One of the easiest ways to skip that goal-setting step and simply gather information to figure out what to do with later, is automated data collection. And no recent example screams “automated data crunch without a purpose” more than the revelation of the National Security Agency’s breadth of data collection. While collecting data for surveillance purposes and collecting data for the public relations world are certainly far apart in their respective subject matters, the NSA revelation provides a prime example of the questions that arise when a lack of stated goals results in a massive data crunch, with an astronomically-sized margin of error size.
NSA data collection is stated to have no goals, merely this “unsupervised learning” that is touted as being the best way to go about their business. From what’s been reported, they primarily rely on automated programs and algorithms pouring over data sets with no goal (or too general ones to be useful) in mind.

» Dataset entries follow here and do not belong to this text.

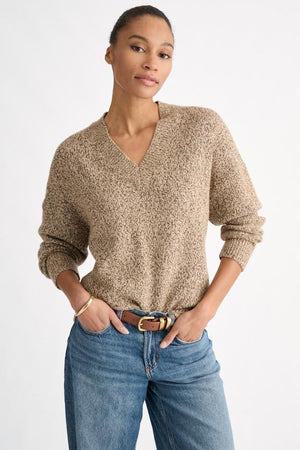 A person wearing the KINROSS CASHMERE Sequin Marle Easy Vee Neck Sweater in Scotch, paired with blue jeans and a brown belt, stands with hands in their pockets against a plain light background.
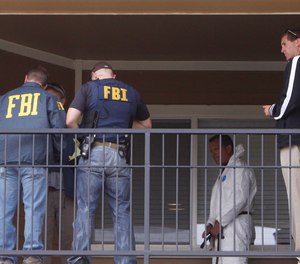 Federal agents get ready to search the apartment of a terrorism suspect in Aurora, Colorado.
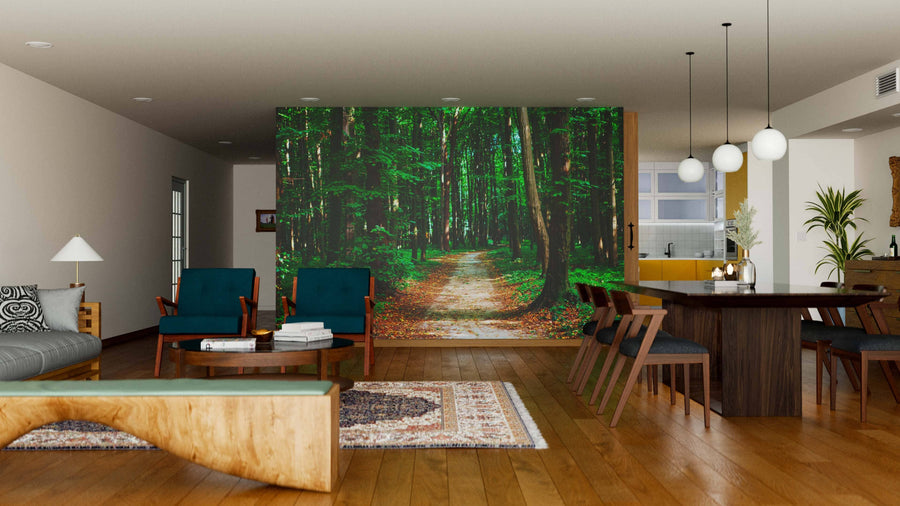 A modern open-concept living and dining area with wood floors, contemporary furniture, and a Dark Green Forest Wall Mural as a nature-inspired focal point. Pendant lights hang above a dark wooden dining table set for six.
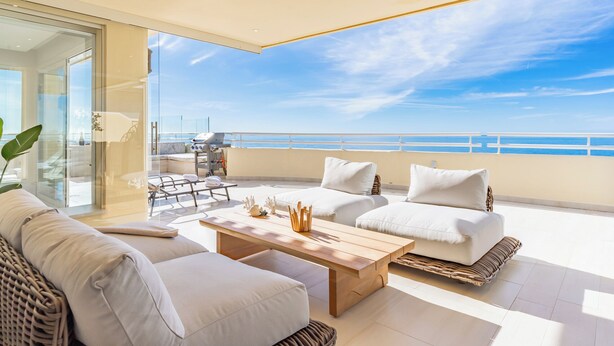 A balcony with a view of the sea, furnished with a sofa, a table, and a grill.
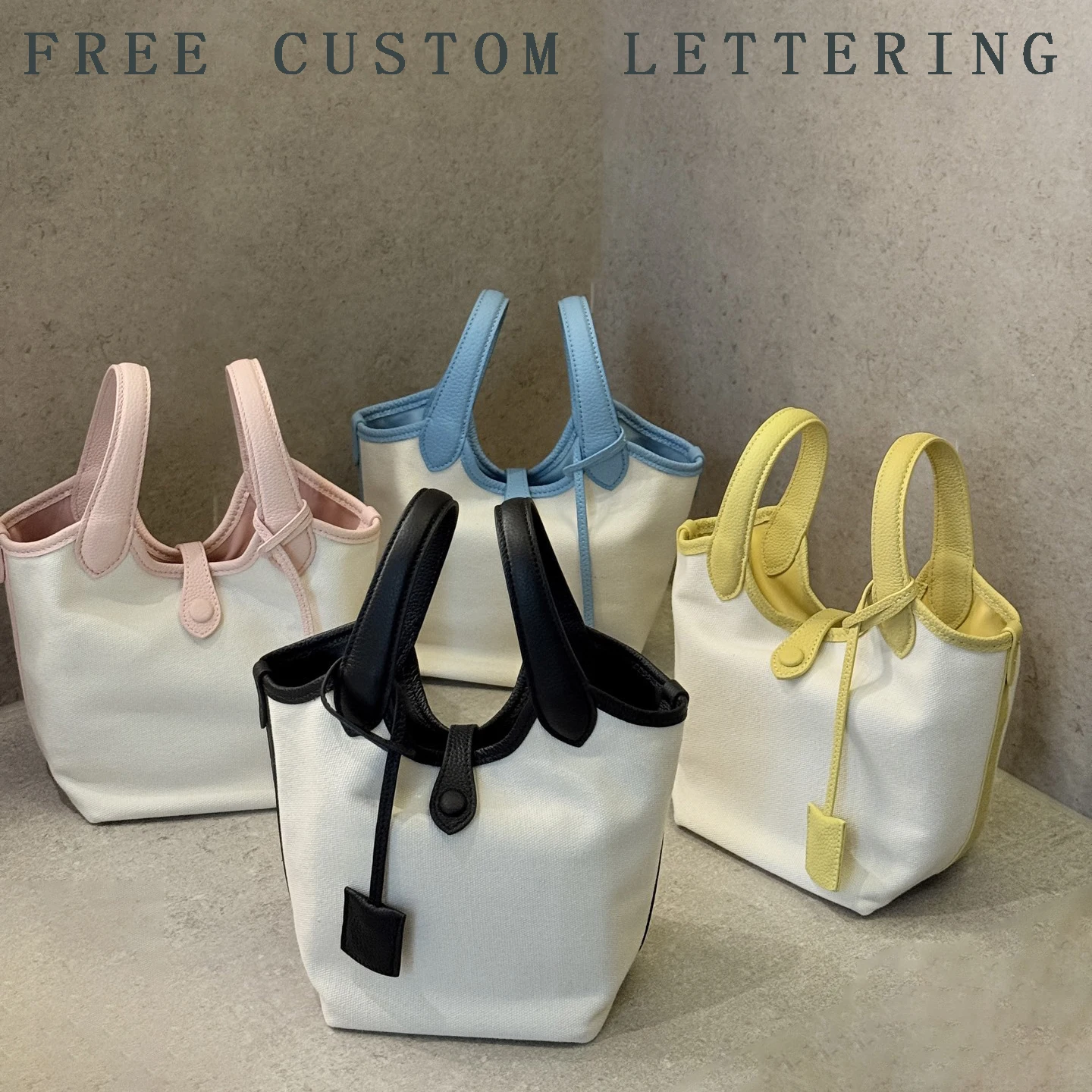 

Canvas spliced ​​leather bucket bag free initials 2025 new niche design casual one-shoulder crossbody bag fashion ladies handbag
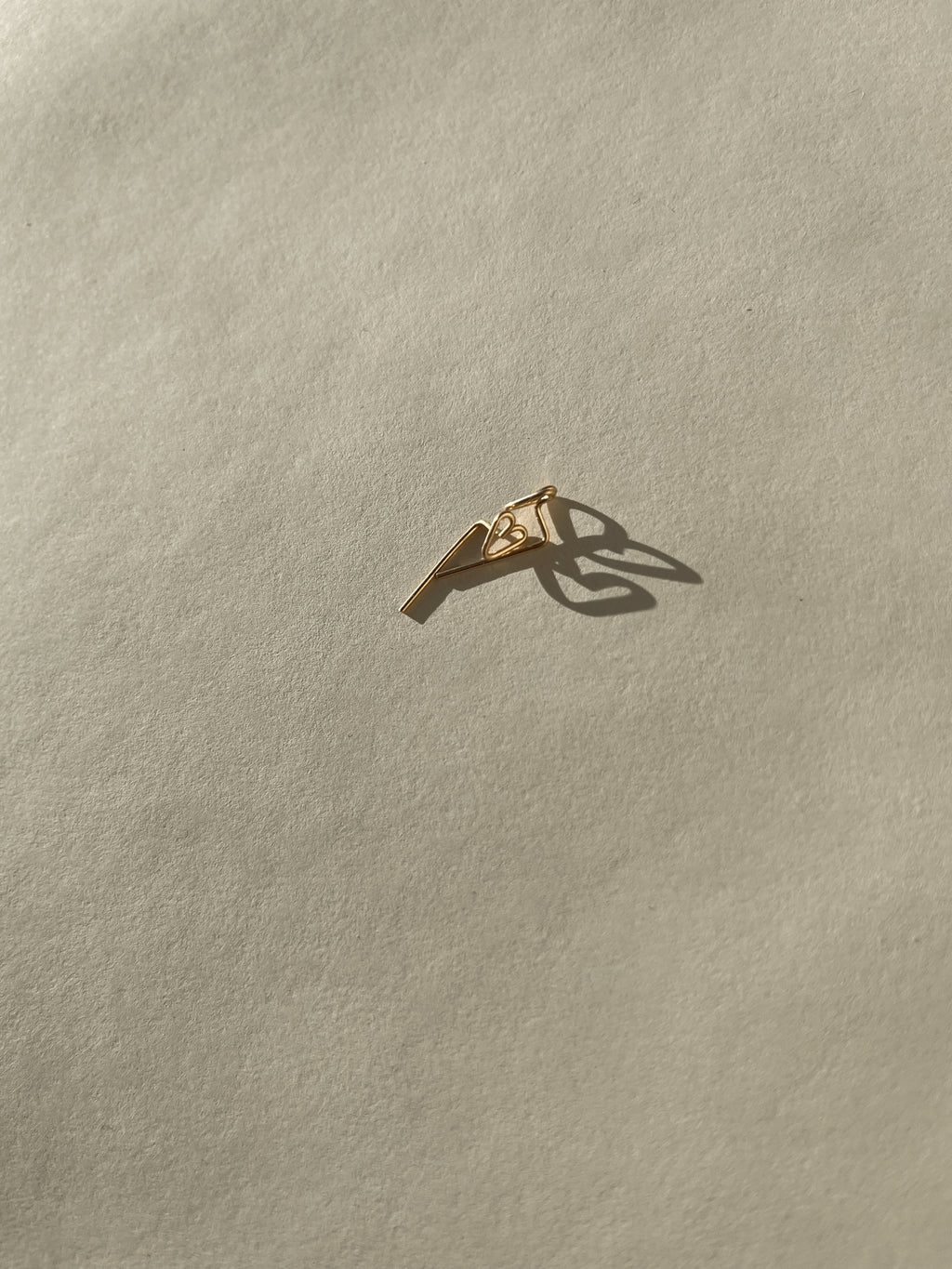 Petite Heart Drop-Back Earrings displayed on a neutral background, featuring a minimalist heart front and the drop-back post in gold-filled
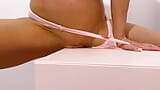 Beauty in pink panties humps pussy against the table corner. snapshot 10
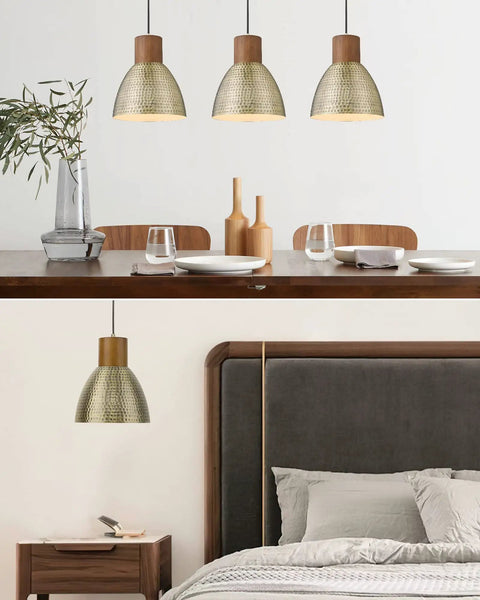 Hammered Pendant Lights For Kitchen Island 7 Inch Solid Wood Vintage Metal Hanging Light Fixture Adjustable Height Antique Gold Pendant Lamp Brushed Brass For That Farmhouse Vibe Dining Room 3 Pack above a dining table and beside a bed in a cozy setting.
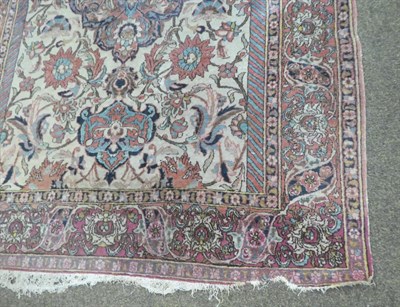 Lot 1129 - An Isfahan rug, the cream field of large flowerheads around an indigo medallion, framed by palmette
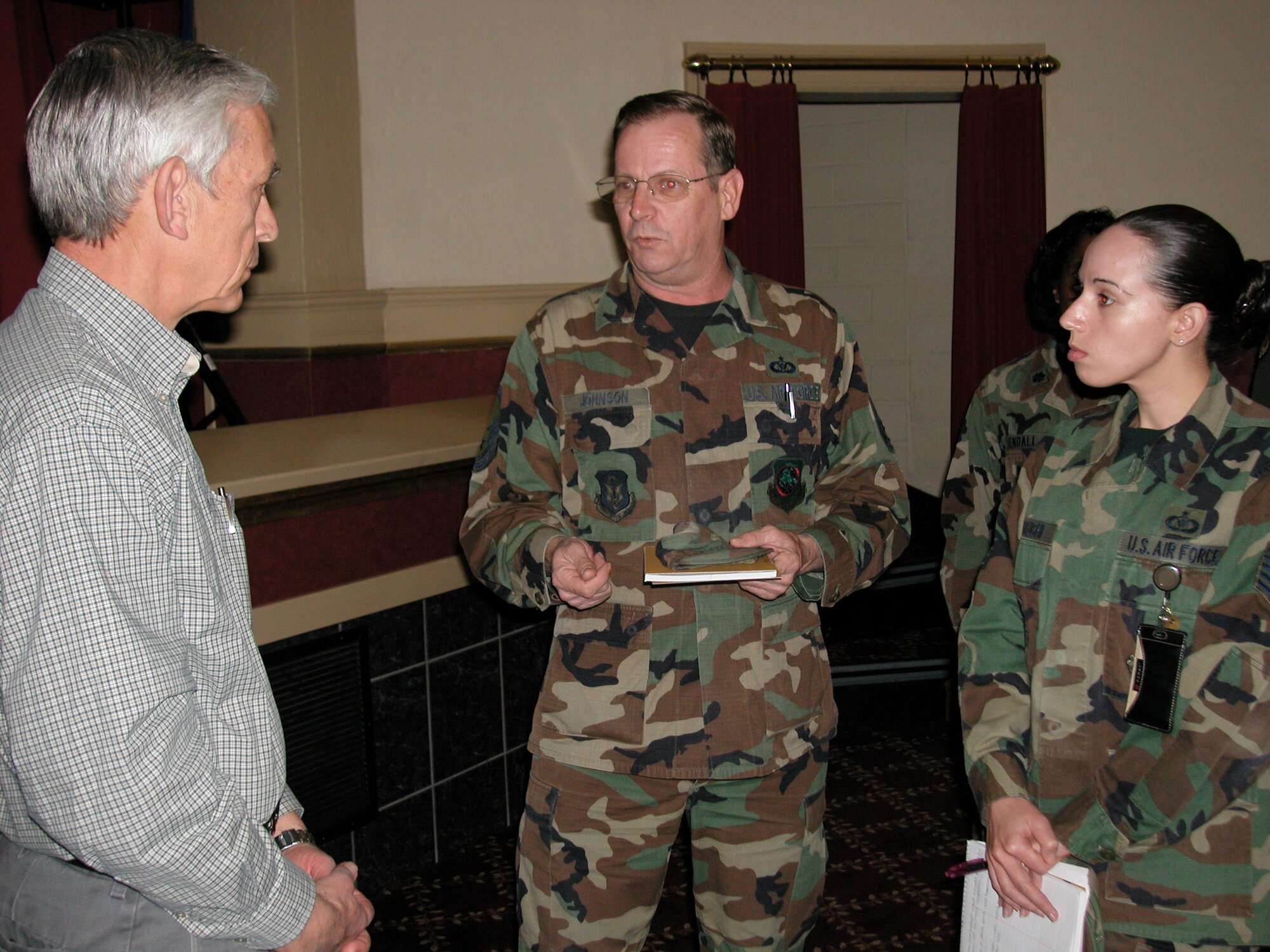 Mr. Craig Duehring, Assistant Secretary of the Air Force for Manpower and Reserve Affairs, talks with Master Sgt. Jeff Johnson and Tech. Sgt. Tianna Yamauchi, 452 AMW, after the Town Hall meeting in the Cultural Resources Center, Wednesday. Mr. Duehring said he was proud to serve with the Guard and Reserve, and said he is impressed with the dedication of those members who give up weekends, family time, and take leave from civilian employment to accomplish the mission. He acknowledged that the budget will be a key issue next year, and the Air Force will have challenges ahead as our mission evolves. March Air Reserve Base was the last base he will visit during his tenure in his current position. (U.S. Air Force photo by SrA Desiree Economides)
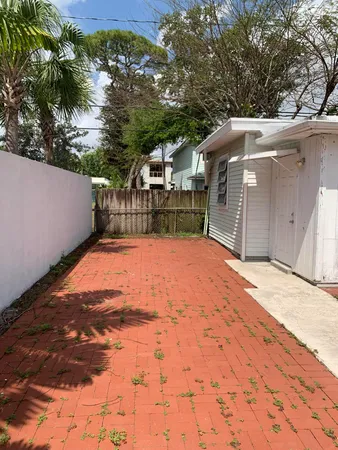 a view of a backyard of the house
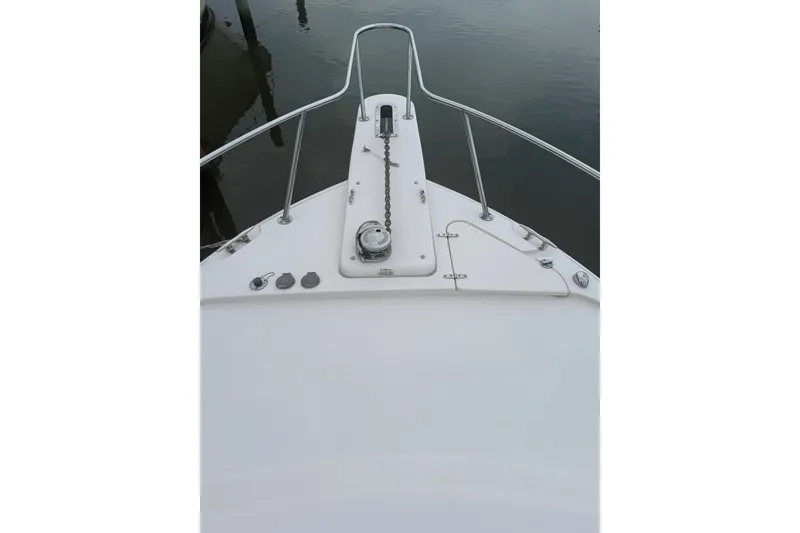 Slide: The Image of Bow view of 2013 Grady-White Express 330 boat with anchor chain. - 15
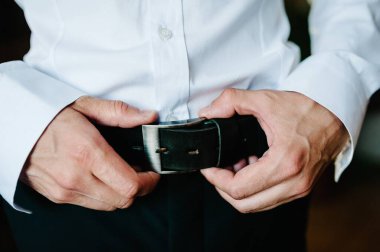 Pantolon ve gömlekli bir adam siyah deri pantolon kemerini ilikledi. Damat kemeri tokayla takar. İş adamı deri kemer takar..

The NSA’s analytics provide a macro example of someone going to their boss and saying “I want to measure EVERYTHING said about us, our competitors, and our customers” and then not setting any goals from that point on. Not only does this waste a measurement budget but it robs the measurement organizer of the ability to set landmarks for success and alienates anyone looking at the measured data. To new team members, owners, bosses a lack of a measurement plan/goals is a scary useless thing and you’ll see them rebel against measurement & question whether it’s worth the time or budget.
Keeping your goals within sight of our data is also why it’s useful to have a visible human to check, sample, interpret data as well as modify data collection and analysis methods. Human analysts keep a real-time watch on whether data is meeting your goals and help you develop new goals as new crises arise.
The intelligence business may turn to “unsupervised learning,” but in doing so, they prove that lacking goals makes for data of questionable use both inside and outside of an agency. Setting measurement goals helps prove the worth of your campaign and ensures to parties inside of your company and out, why the data you’re looking at is useful.